▶ Exercise directions
Show each line from the records below in which the word "system" occurs.

▶ Extracted material
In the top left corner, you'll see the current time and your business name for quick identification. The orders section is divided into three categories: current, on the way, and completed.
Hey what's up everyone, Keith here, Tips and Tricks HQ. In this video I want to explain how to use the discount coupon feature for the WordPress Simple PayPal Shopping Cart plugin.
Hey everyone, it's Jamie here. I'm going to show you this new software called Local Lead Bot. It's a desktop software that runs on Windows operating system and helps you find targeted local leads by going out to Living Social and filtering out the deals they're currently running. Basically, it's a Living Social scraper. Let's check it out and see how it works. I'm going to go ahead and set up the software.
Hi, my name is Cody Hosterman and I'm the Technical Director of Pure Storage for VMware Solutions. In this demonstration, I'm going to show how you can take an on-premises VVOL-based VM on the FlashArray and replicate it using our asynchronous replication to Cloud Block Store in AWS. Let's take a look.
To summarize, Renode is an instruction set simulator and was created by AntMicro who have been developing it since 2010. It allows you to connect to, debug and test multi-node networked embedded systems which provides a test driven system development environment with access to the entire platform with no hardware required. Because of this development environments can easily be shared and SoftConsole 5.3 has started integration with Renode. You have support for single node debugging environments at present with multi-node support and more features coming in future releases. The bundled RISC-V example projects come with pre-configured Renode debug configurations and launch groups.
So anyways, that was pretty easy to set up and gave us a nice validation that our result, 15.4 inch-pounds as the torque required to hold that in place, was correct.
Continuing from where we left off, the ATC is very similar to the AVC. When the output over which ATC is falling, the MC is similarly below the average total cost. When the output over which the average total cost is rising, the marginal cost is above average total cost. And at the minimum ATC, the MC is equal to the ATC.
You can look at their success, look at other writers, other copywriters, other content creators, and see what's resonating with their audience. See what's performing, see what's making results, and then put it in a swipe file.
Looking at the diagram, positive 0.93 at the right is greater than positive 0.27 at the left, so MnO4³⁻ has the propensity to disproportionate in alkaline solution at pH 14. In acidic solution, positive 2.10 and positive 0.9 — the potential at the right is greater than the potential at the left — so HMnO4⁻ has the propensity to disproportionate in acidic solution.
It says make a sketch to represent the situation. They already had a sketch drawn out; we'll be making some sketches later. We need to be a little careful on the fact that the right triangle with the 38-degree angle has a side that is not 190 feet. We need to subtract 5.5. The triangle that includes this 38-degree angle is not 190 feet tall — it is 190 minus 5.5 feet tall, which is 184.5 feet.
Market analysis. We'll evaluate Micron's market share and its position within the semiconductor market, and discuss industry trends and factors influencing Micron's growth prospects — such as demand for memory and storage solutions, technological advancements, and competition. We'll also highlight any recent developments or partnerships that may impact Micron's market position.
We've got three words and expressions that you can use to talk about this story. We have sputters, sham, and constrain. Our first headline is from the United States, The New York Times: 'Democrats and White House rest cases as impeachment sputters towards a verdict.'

...

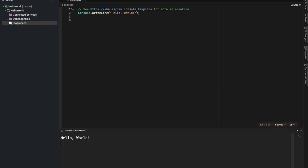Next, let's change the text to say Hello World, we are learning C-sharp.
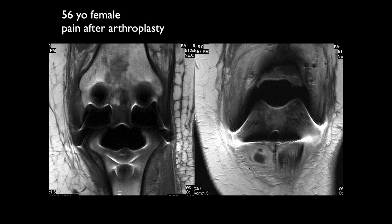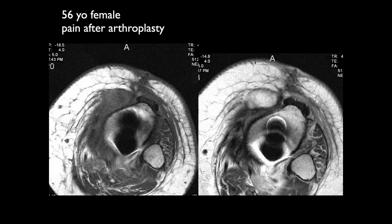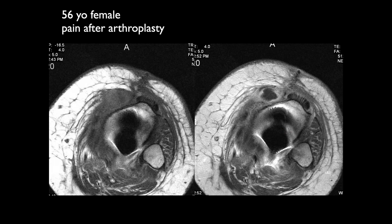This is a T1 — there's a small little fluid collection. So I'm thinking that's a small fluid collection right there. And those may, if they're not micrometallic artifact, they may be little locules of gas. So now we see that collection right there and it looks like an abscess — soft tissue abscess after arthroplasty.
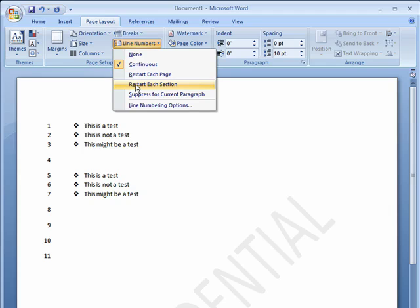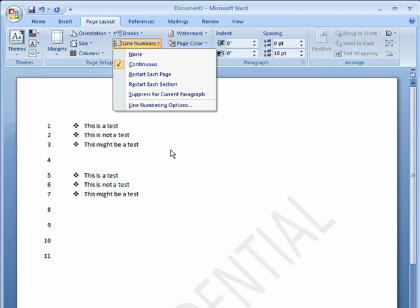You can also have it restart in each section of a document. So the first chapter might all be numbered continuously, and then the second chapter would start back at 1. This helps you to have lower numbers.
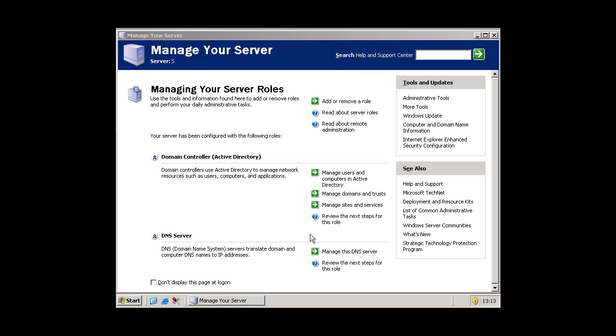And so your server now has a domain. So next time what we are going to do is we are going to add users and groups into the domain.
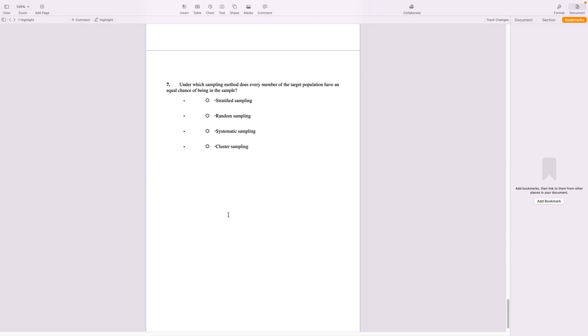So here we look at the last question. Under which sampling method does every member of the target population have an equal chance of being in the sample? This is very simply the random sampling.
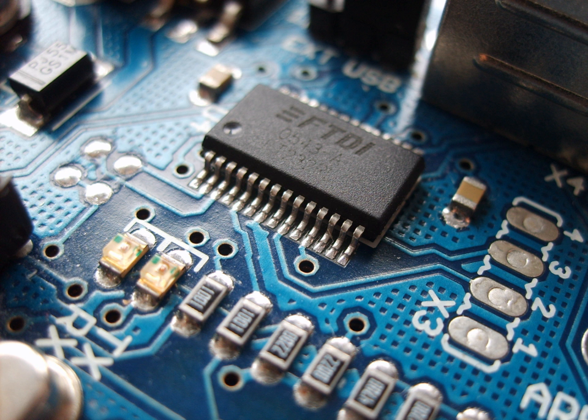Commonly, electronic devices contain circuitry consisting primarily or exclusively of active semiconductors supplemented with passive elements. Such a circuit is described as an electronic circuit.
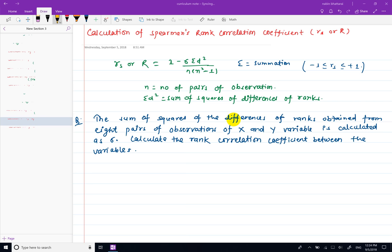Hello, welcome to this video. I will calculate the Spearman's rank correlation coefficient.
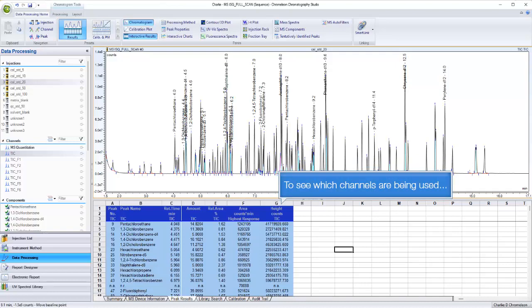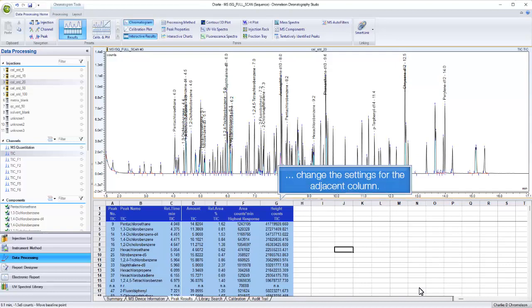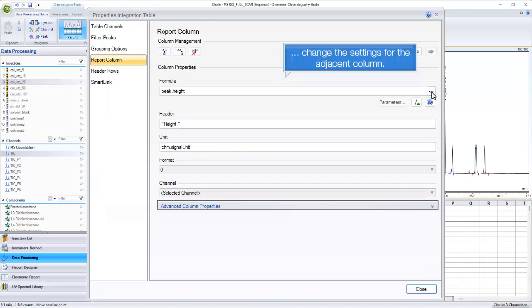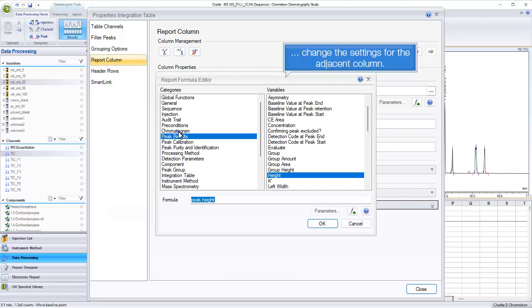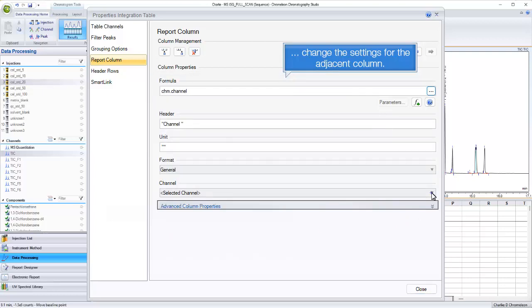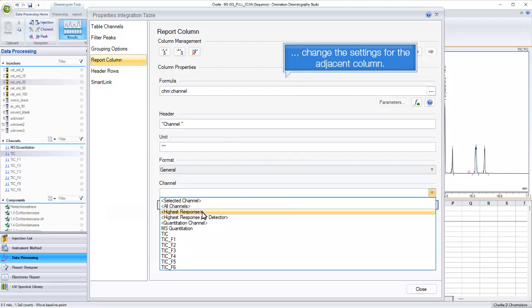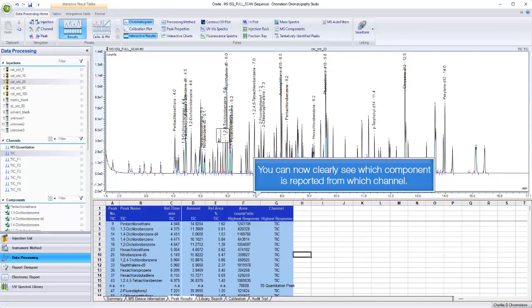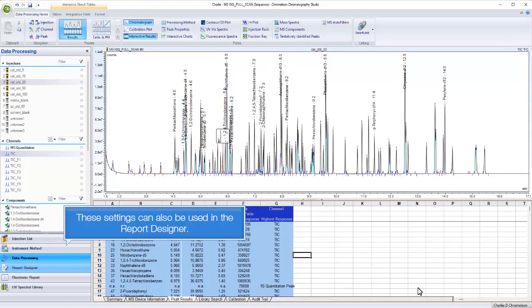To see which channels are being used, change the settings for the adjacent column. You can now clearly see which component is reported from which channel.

* * *

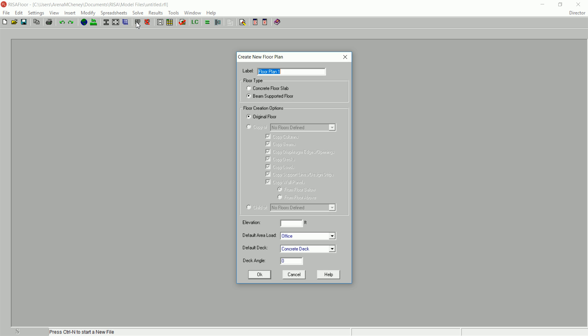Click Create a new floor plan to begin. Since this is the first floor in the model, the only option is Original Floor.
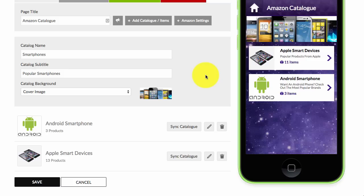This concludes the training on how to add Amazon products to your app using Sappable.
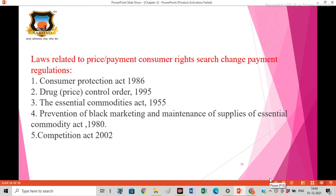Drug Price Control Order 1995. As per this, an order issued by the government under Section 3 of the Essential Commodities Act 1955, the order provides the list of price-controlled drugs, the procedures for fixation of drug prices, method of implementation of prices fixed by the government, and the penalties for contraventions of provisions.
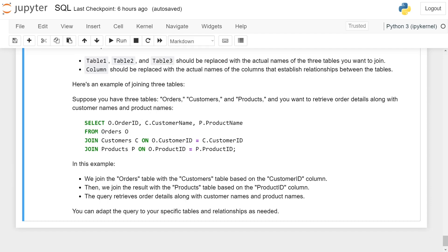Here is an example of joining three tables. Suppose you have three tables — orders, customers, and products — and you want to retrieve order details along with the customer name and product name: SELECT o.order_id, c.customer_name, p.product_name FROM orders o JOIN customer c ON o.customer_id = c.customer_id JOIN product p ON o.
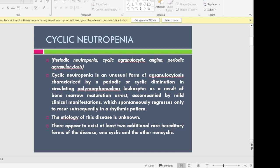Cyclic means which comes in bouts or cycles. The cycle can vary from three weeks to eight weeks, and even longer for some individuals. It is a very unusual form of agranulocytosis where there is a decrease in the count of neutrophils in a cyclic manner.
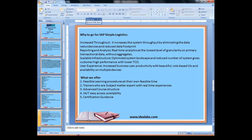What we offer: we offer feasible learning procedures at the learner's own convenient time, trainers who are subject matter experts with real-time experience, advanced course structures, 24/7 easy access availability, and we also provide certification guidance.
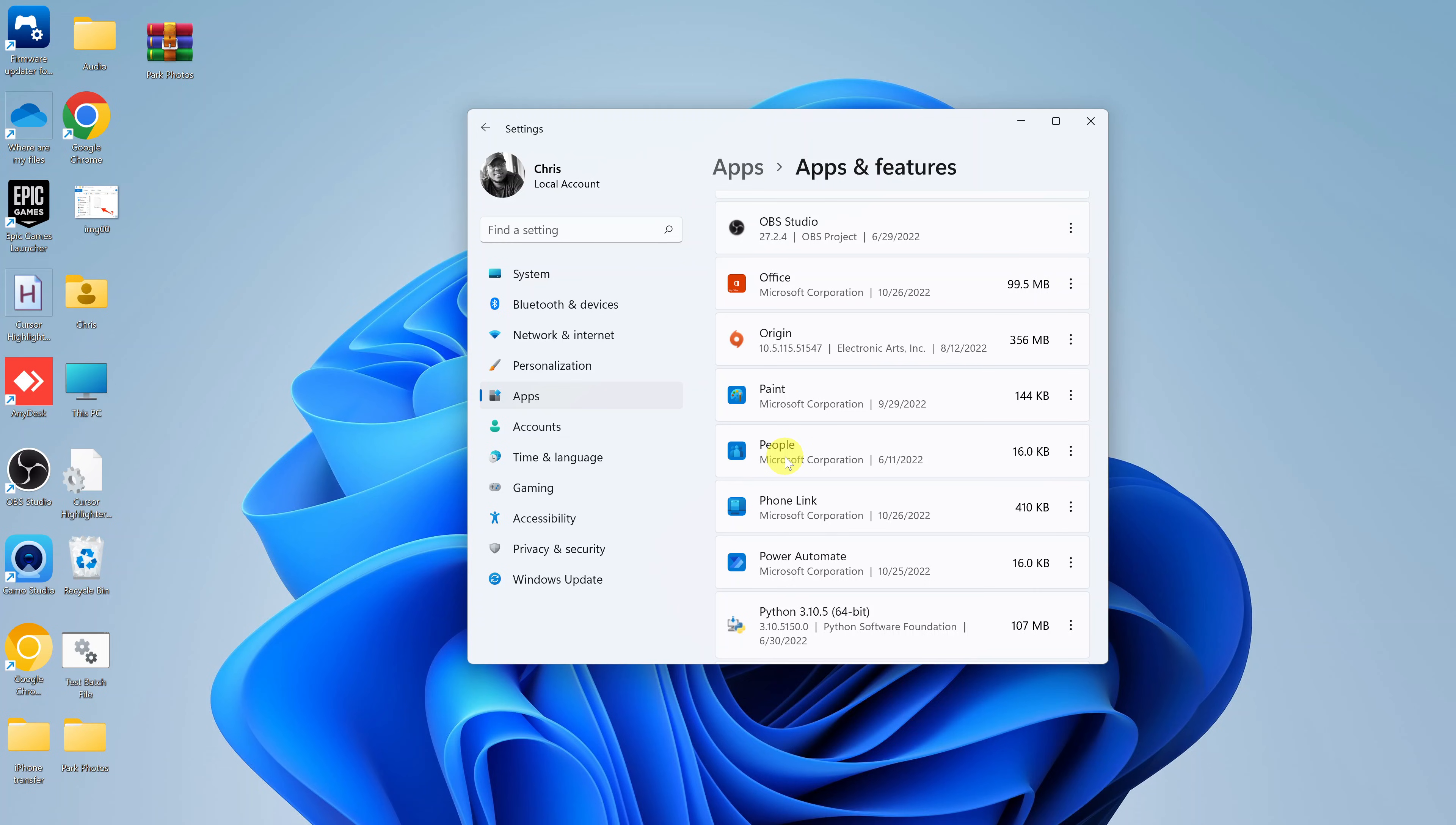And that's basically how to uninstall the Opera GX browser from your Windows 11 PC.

▶ Exercise output
Hey everyone, it's Jamie here. I'm going to show you this new software called Local Lead Bot. It's a desktop software that runs on Windows operating system and helps you find targeted local leads by going out to Living Social and filtering out the deals they're currently running. Basically, it's a Living Social scraper. Let's check it out and see how it works. I'm going to go ahead and set up the software.
To summarize, Renode is an instruction set simulator and was created by AntMicro who have been developing it since 2010. It allows you to connect to, debug and test multi-node networked embedded systems which provides a test driven system development environment with access to the entire platform with no hardware required. Because of this development environments can easily be shared and SoftConsole 5.3 has started integration with Renode. You have support for single node debugging environments at present with multi-node support and more features coming in future releases. The bundled RISC-V example projects come with pre-configured Renode debug configurations and launch groups.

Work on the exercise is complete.